Please restate each entry that appears below word for word, without its pictures.

EXCERPTED DATA: Begin

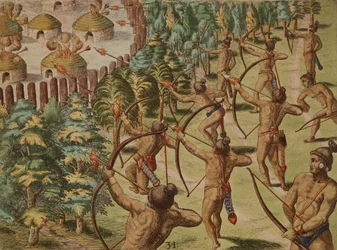 Nighttime Attack on an Indian Village with Flaming Arrows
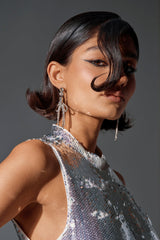 WITH A BOW SILVER EARRING
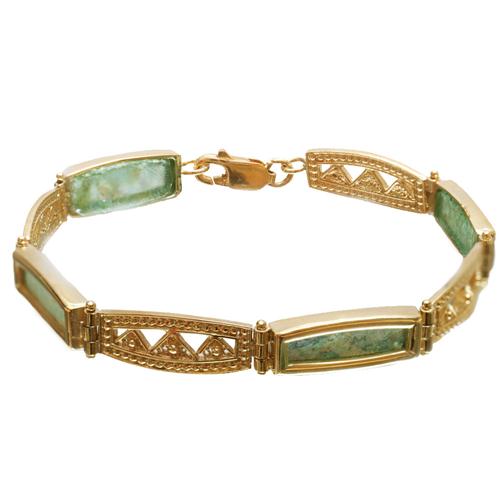 14k Gold Roman Glass Yemenite Design Bracelet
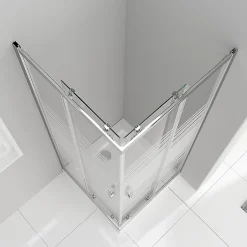 Saniverre Cabine de douche LANA portes coulissantes H.180 cm verre 6 mm semi-opaque 80 x 80 cm -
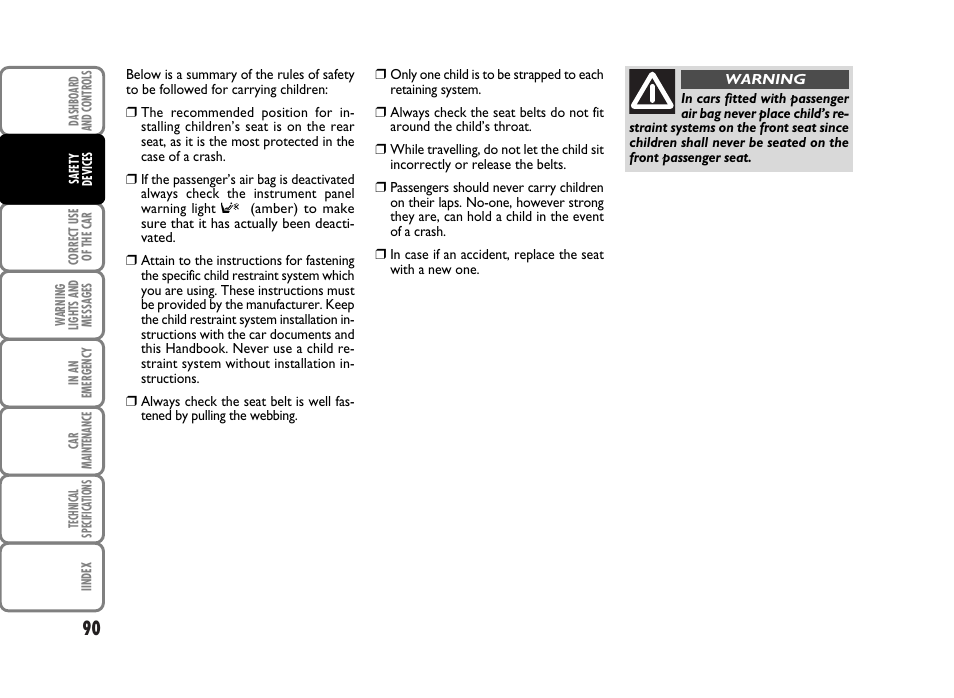 FIAT Panda Classic User Manual | Page 92 / 207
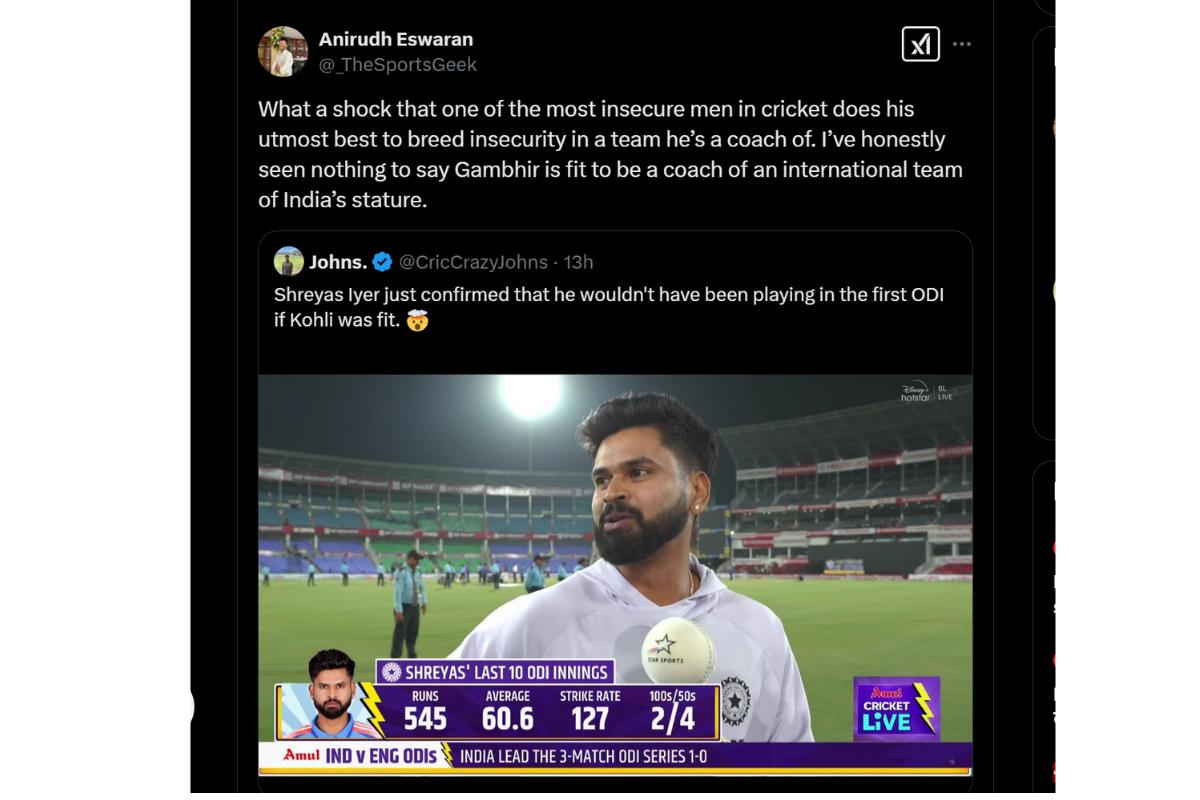 Gautam Gambhir criticism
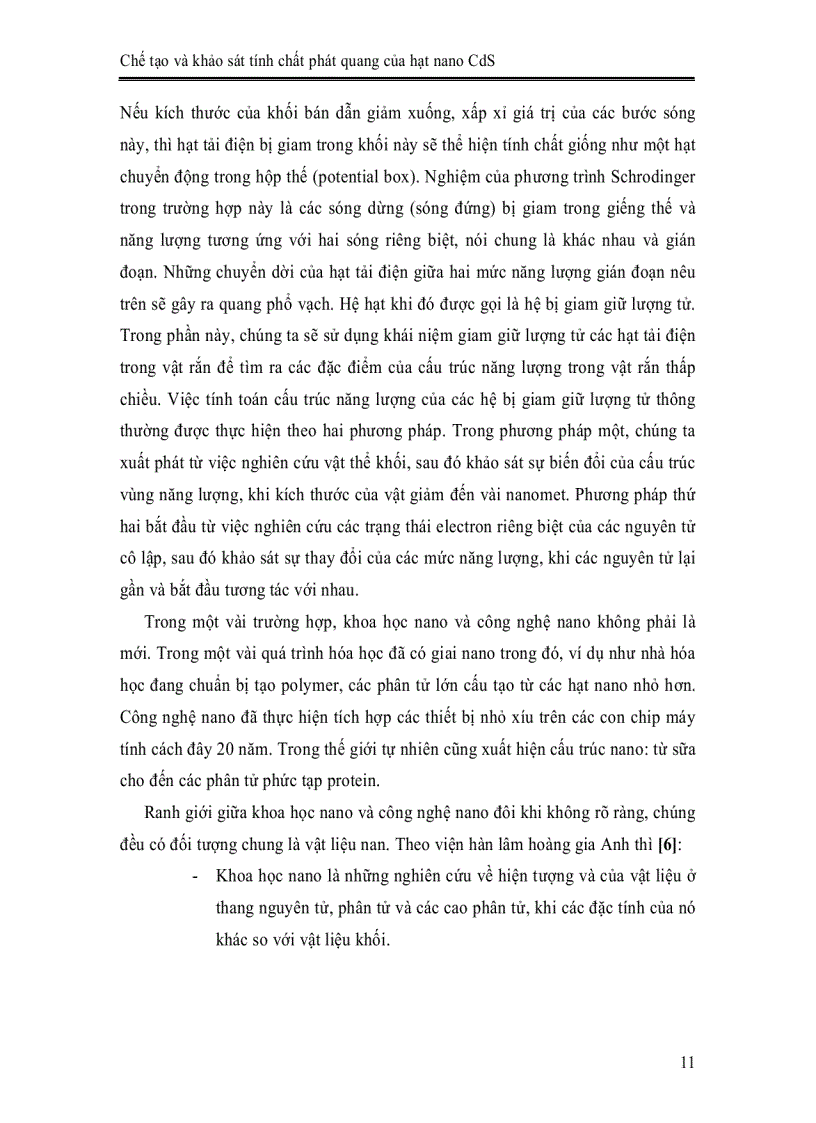 image for page Chế tạo và khảo sát tính chất phát quang của hạt nano CdS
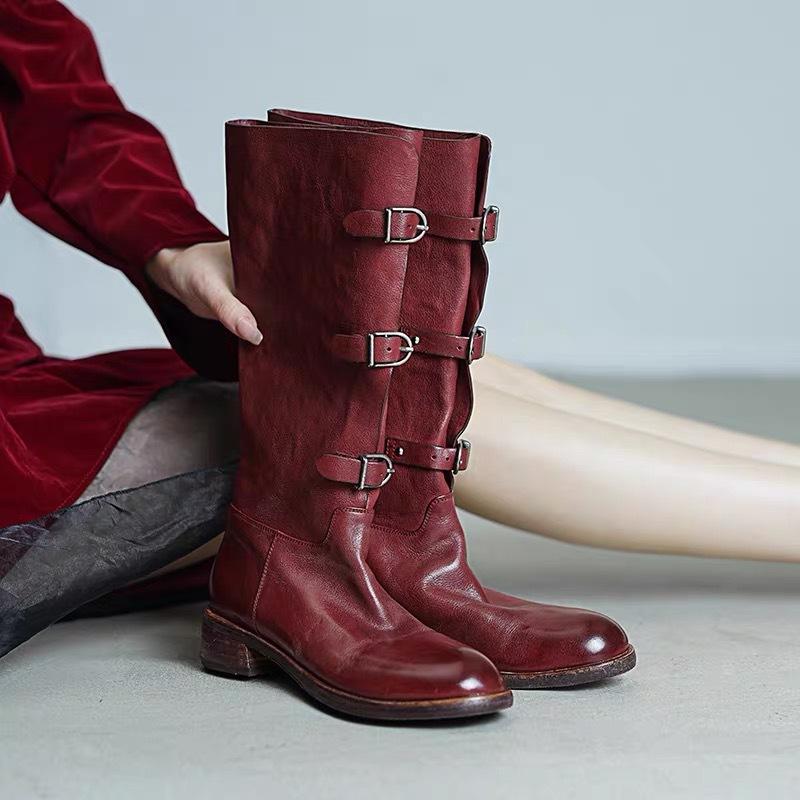 Washed horse skin British style retro thick heel boots women's ankela red merard knight boots tall locomotive boots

EXCERPTED DATA: End

RESULT FOR THIS EXERCISE:
 Nighttime Attack on an Indian Village with Flaming Arrows
 WITH A BOW SILVER EARRING
 14k Gold Roman Glass Yemenite Design Bracelet
 Saniverre Cabine de douche LANA portes coulissantes H.180 cm verre 6 mm semi-opaque 80 x 80 cm -
 FIAT Panda Classic User Manual | Page 92 / 207
 Gautam Gambhir criticism
 image for page Chế tạo và khảo sát tính chất phát quang của hạt nano CdS
 Washed horse skin British style retro thick heel boots women's ankela red merard knight boots tall locomotive boots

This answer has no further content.